Corriveau proposed strategies for overcoming the crisis, including the idea that the community housing sector should hold 20% of the entire Canadian rental housing market.
Impact projects to accelerate the creation of affordable housing and social inclusion.
The strength of the CLT model lies in the harmonious synergy between its key elements: the community, the land, and the trust. Our history has plenty of examples of populations driven to the periphery of urban areas, out of their neighbourhoods and homes, because of the trend of attracting wealthier social classes and real estate developers. CLTs were created to reverse the tendency towards evictions and renovations and to help promote economic and social inclusion.
The Centre has supported several CLTs, including the first to be created in northern Canada, the Northern Community Land Trust. Through this project, 32 new permanent affordable housing units will be built in Whitehorse, Yukon.
In Kensington, a Centre grant contributed to the first acquisition and preservation of affordable housing by the Kensington Market Community Land Trust. The organization began by acquiring and preserving a 13-unit affordable rental housing building that would otherwise have been turned into short-term rentals. The grant enabled them to develop the organizational structures, governance, and tools needed to acquire and manage the units. It contributed to the establishment of a sustainable organizational infrastructure.
We also supported the Brome-Missisquoi Community Land Trust. Through its creation, Solutions Immobilier Solidaire aims to develop and support the growth of community real estate for all, in response to the shortage of affordable housing.
More recently, as part Nova Scotia’s Community Housing Growth Fund (CHGF), we also supported the establishment of a community land trust focused on rural Nova Scotia. Its mission is to acquire properties and transform them into affordable housing. Dedicated to Black communities, DownTheMarsh Community Land Trust addresses both housing needs and deeper concerns of social and cultural preservation.
A new wave of Canadian land trusts?
The community land trust model in Canada has evolved over time. Initially, it was primarily rural, aimed at protecting and conserving land. It was not until the 1980s that Canadian CLTs became urban and housing oriented.
Two distinct “generations” of Canadian urban CLTs can be identified. The first focused on land acquisition for housing construction. It was driven by cooperative initiatives and aimed to compensate for the lack of support from public authorities.

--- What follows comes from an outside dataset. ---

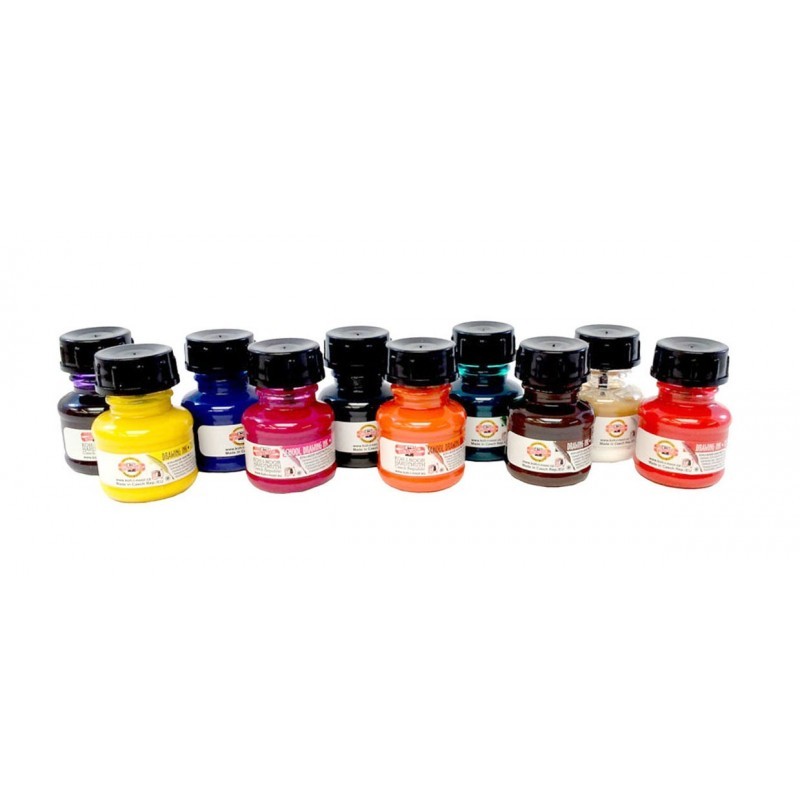 TUS DESEN NEGRU 20G KOH-I-NOOR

The second generation emerged around 2012 in response to the growing pressures of gentrification in the urban areas of cities like Toronto and Vancouver. These cities were the scene of speculation, rapidly rising housing prices and increased constraints on already tight affordable rental housing markets.
Recently, the model has been replicated across the country in urban centres, suburbs, and rural areas alike. A new generation is exploring the possibilities, reinforcing this trend of solidarity, and paving the way for a new wave of CLT development. The Canadian Community Land Trust Network, which aims to bring CLTs together to share information, collaborate, and support the strategic development of community land trusts, today includes 40 emerging and established trusts nationwide.
The main objective remains to acquire, develop, and manage permanently affordable housing, land, and other assets, thereby helping create prosperous communities and counter the housing crisis.